Comment by pdonis

2 years ago

It's a fair point that Python minor version changes can and do involve removal of previously deprecated APIs, which would break old code that used those APIs.

That said, when I look through the 3.11 release notes you refer to, I see basically three categories of such changes:

- Items that were deprecated very early in Python 3 development (3.2, for example). Since 3.3 was the first basically usable Python 3 version, I doubt there is much legacy Python 3 code that will be broken by these changes.

- Items related to early versions of new APIs introduced in Python 3 (for example, deprecating early versions of the async APIs now that async development has settled on later ones that were found to work better). These sorts of breaking changes can be avoided by not using APIs that are basically experimental and are declared to be so (as the early async APIs were).

- Items related to supporting old OSs or data formats that nobody really uses any more.

So, while these are, strictly speaking, breaking changes, I still don't think that "constant breaking changes" is a good description of the general state of Python development.

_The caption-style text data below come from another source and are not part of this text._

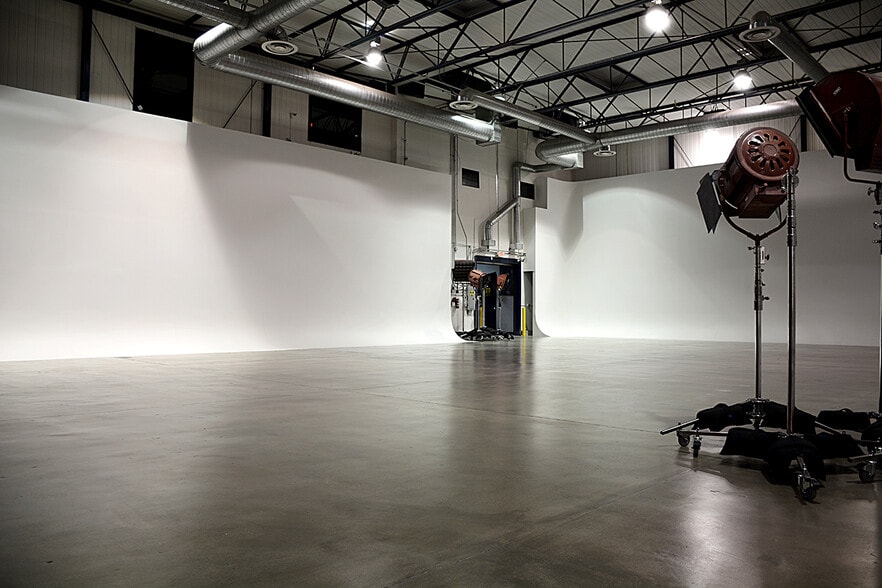 1031 S Victory Blvd, Burbank, CA for lease - Building Photo - Image 2 of 12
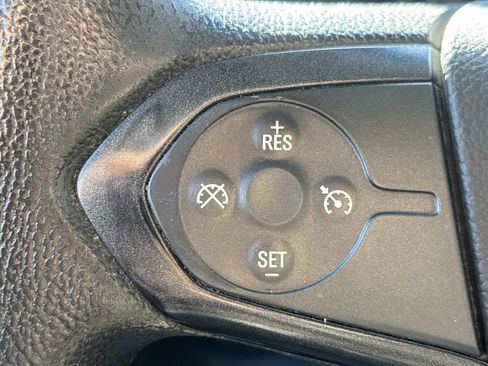 Used 2015 Chevrolet Silverado 1500 W/T image 18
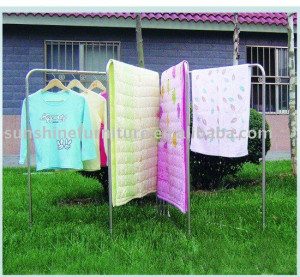 outdoor_metal_laundry_garment_clothes_hanging_drying.jpg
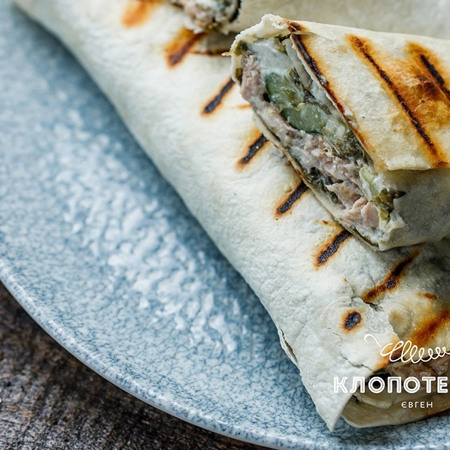 ЗАКУСКА З ЛАВАША, ТУНЦЯ ТА ВОДОРОСТЕЙ НОРІ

Python's changes between releases are not limited to removing deprecated APIs. Sometimes semantics changes in breaking ways, or new reserved words crop up, etc. etc. It certainly is Russian roulette trying to run python code on any version other than the one it was written for.

For me switching to Python 3.11 was really tough because of various legacy stuff removals (like coroutine decorators etc). While my code did not use these, the dependencies did. For some dependencies I had to switch to different libraries altogether - and that required rewriting my code to work with them.

There was also some time in the past when async became a keyword. It turned out many packages had variables named async and that caused quite a bit of pain too.